Number of metastatic lymph node has a strong prognostic value in the course of breast cancer treatment, morbidity and even mortality. This study was undertaken to determine the association between axillary lymph node metastasis (ALNM) and several variables i.e. age, tumor size, grade, lympho-vascular invasion LVI, estrogen receptor(ER) and progesterone receptor (PR) expression and Her2/neu status.
Altogether 426 patients with complete information on study variables were analyzed. Incidence of nodal metastases was correlated with clinico-pathological factors, and analysed by univariate and multivariate analyses to ensure the independent predictors. Following information's of personal history were collected from the selected patients and 141 age matched normal women (control) as applicable: Age, age of menarche, marriage and 1st delivery, periods of lactation, age of menopause, type of cancer, duration of disease, treatment and diagnosis.

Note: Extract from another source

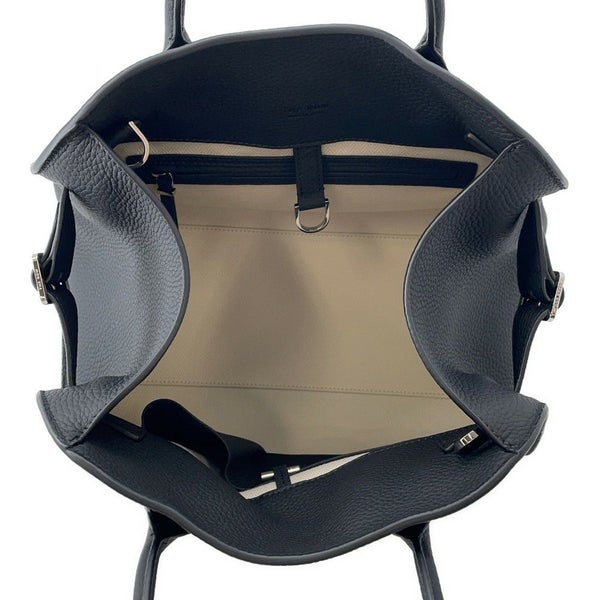 ザ ロウ ハンドバッグ ソフトマルゴー12 レザー W1586 THE ROW バッグ 2way 黒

44.36% (189) of the patients had ALNM. We found that the tumor histology, Tumor size, grade and LVI were directly related with node positivity (p = 0.003, p = 0.004, p = 0.002, p < 0.0001 respectively). Age (p = 0.001), tumor grade (p = 0.003), tumor size (p = 0.001), lympho-vascular invasion (p = 0.02) and Her2/neu expression (p = 0.03) was significantly associated with the number of lymph node metastasis. The overall survival rate was poorer in node-positive cases, when compared with node-negative cases. Interestingly we found BRCA mutation are signiﬁcantly associated with Lymph node positivity. We also found tumor histology; grade, size and Her2/Neu over expression, menopausal status were significantly associated with ER/PR status. There was a signiﬁcant increase of the patients with menarche before 13 years of age (p < 0.01).
This study has been conducted for the first time among breast cancer patients in eastern India till date. Our study has demonstrated the significant association of age, tumor size, tumor grade, LVI and the histopathology with ALNM, which determine these independent predictive factors in the eastern Indian women for the presence of ALNM. Hence this information might be useful for individualized treatment.
Clinical trial identification
All authors have declared no conflicts of interest.